Ella se demoró apenas el tiempo necesario para decir el nombre. Lo buscó en las tinieblas, lo encontró a primera vista entre los tantos y tantos nombres confundibles de este mundo y del otro, y lo dejó clavado en la pared con su dardo certero, como a una mariposa sin albedrío cuya sentencia estaba escrita desde siempre.
                         - Santiago Nasar, dijo”.

(p. 22)

La obra, por lo demás, continuará dando muestras de la inocencia de Santiago Nasar, a la vez que sugerirá, de manera tácita, una suerte de confabulación inconsciente del pueblo contra el protagonista árabe.

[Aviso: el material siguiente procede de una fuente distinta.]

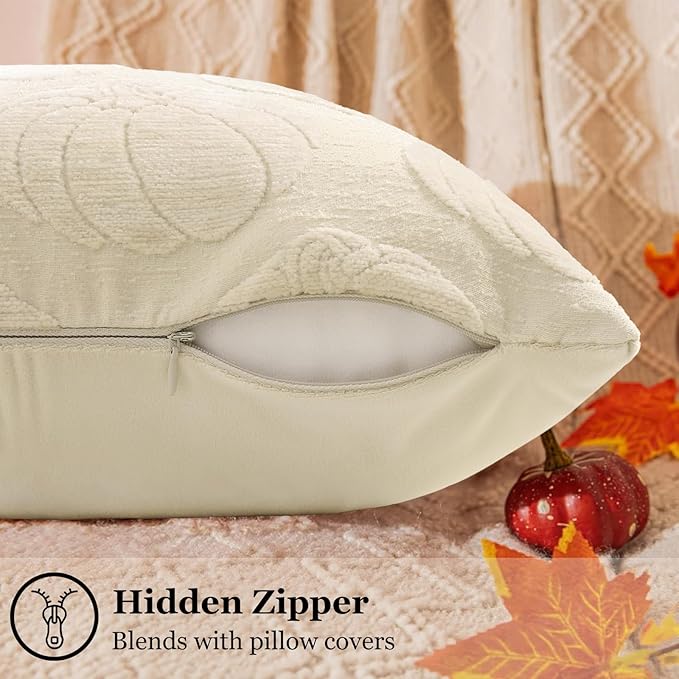 decorUhome Decorative Beige Pumpkin Thanksgiving Throw Pillow Covers 12x20 Set of 2, Soft Chenille Jacquard Farmhouse Textured Pillow Covers for Couch Bed Sofa Autumn Harvest Halloween Holiday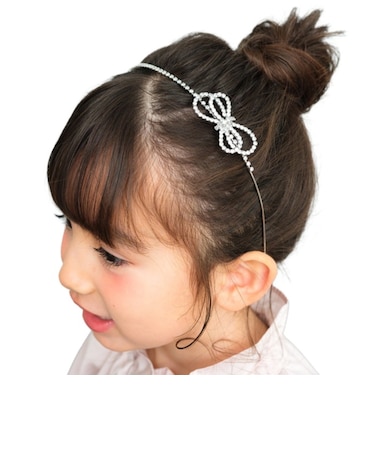 【当商品送料無料】Rora カチューシャ 通販 ヘアアクセサリー 髪飾り ヘッドドレス 子供 女の子 可愛い おしゃれ シルバー キラキラ リボン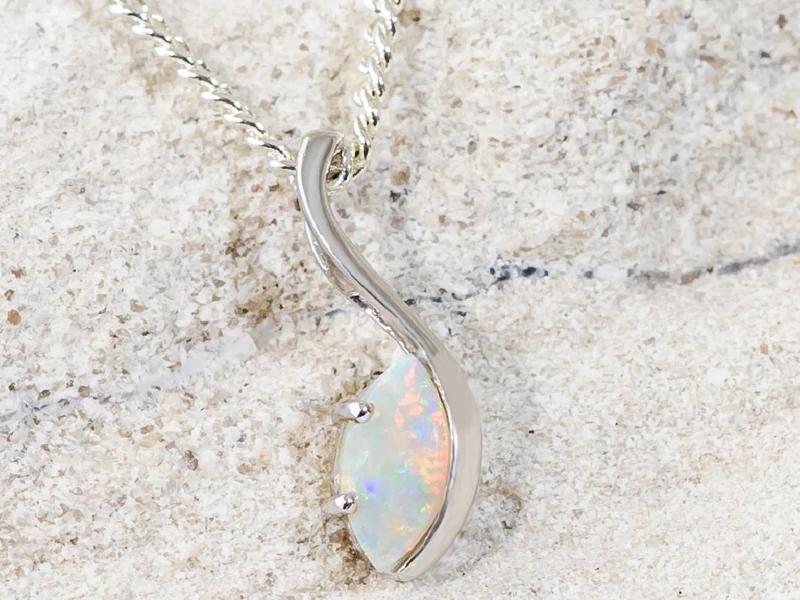 White Opal Necklace - 43rd anniversary gift ideas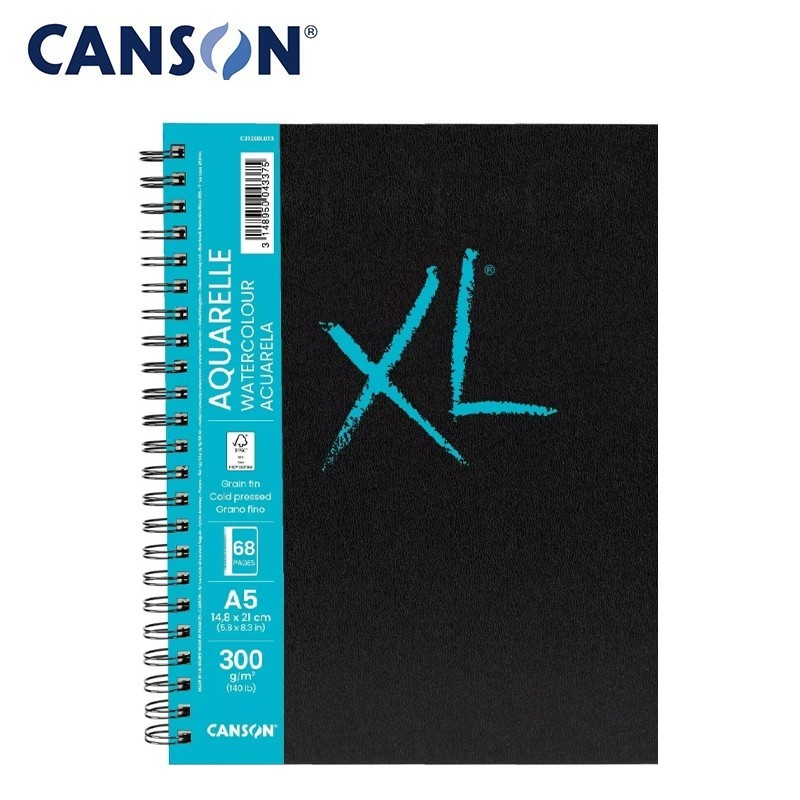 Canson XL Book Aquarelle - Sketchbook A5 di Carta per Acquerello rilegato a spirale - 34 ff.a grana fina da 300 gr/mq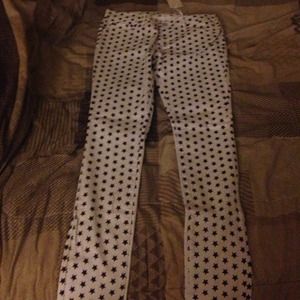 White and black star jeans. Runs smAll!!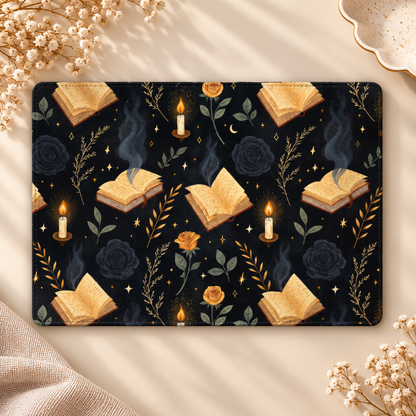 Witchy Academia Kindle case opened flat, front and back — open books, candles, moons and dark roses on black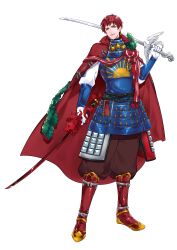 Rule 34 | 1boy, absurdres, armor, artist request, blue armor, check commentary, cloak, commentary request, dual wielding, earrings, gloves, gold earrings, highres, holding, holding weapon, japanese armor, japanese clothes, jewelry, male focus, red cloak, red eyes, red hair, samurai, star (symbol), sun symbol, sword, tagme, transparent background, weapon, white gloves, world flags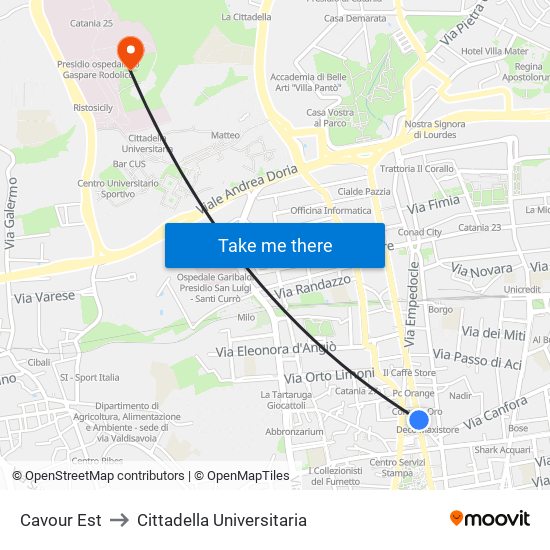 Cavour Est to Cittadella Universitaria map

Los personajes de la novela nunca le advierten sobre la tragedia que se avecina, ya que lo conciben, pese a su inocencia, como un chivo expiatorio ideal para expurgar sus propios excesos y afrentas a la fe:

“Al contrario: a todo el que quiso oírla se la contaba con sus pormenores, salvo el que nuca se había de aclarar: quién fue, y cómo y cuándo, el verdadero causante de su perjuicio, porque nadie creyó que en realidad hubiera sido Santiago Nasar. Pertenecían a dos mundos divergentes. Nadie los vio nunca juntos, y mucho menos solos. Santiago Nasar era demasiado altivo para fijarse en ella”. 

(…)

“Yo mismo traté de arrancarle esta verdad cuando la visité por segunda vez con todos mis argumentos en orden, pero ella apenas si levantó la vista del borado para rebatirlos.
                        - Ya no le des más vueltas, primo –me dijo-. Fue él”.

(p. 38)

Santiago Nasar, entonces, se convierte en una especie de mártir, de Cristo crucificado que permite expiar a un pueblo tras la resaca de los excesos -monetarios, carnales y etílicos- que culminó con la opulencia de la fiesta de matrimonio entre Ángela Vicario y Bayardo San Román:

“Tenía además seis heridas menores en los brazos y las manos, y dos tajos horizontales: uno en el muslo derecho y otro en los músculos del abdomen. Unía una punzada profunda en la palma de la mano derecha. El informe dice: “Parecía un estigma del crucificado”.

(p. 33)

A tal punto llegó la obscenidad del pueblo y su desmesura, que el sacrificio de Santiago Nasar debió duplicarse. Es decir, no bastó con la violencia física del asesinato de los hermanos Vicario sobre el protagonista para expurgar las culpas de la comunidad, sino que el mismo padre Carmen Amador, símbolo cristiano por excelencia, debió ejecutar una segunda y simbólica violencia: la de una autopsia brutal e injustificada:

“Los estragos de los cuchillos fueron apenas un principio de la autopsia inclemente que el padre Carmen Amador se vio obligado a hacer por ausencia del doctor Dionisio Iguarán. “Fue como si hubiéramos vuelto a matarlo después de muerto –me dijo el antiguo párroco en su retiro de Calafell”.

(p. 32)

“Nos devolvieron un cuerpo distinto. La mitad del cráneo había sido destrozado con la trepanación, y el rostro de galán que la muerte había preservado acabó de perder su identidad. Además, el párroco había arrancado de cuajo las vísceras destazadas, pero al final no supo qué hacer con ellas, y les impartió una bendición de rabia y las tiró en el balde de la basura”.

(p. 33)
 

En base a todo lo expuesto anteriormente, y ante una observación tan incuestionable como el hecho de que ningún personaje le advirtió a Santiago Nasar de su muerte, es posible pensar la obra de García Márquez en un sentido diametralmente opuesto al del prólogo de Santiago Gamboa. Es decir, en Crónica de una muerte anunciada la voluntad de los hombres mueve los hilos. Los vecinos de la familia Nasar, y en realidad todo el pueblo, saben que Santiago va a ser asesinado y deciden, quién sabe si consciente o inconscientemente, no avisarle, rompiendo con cualquier influjo de la casualidad y de la divinidad en el destino trágico de la obra.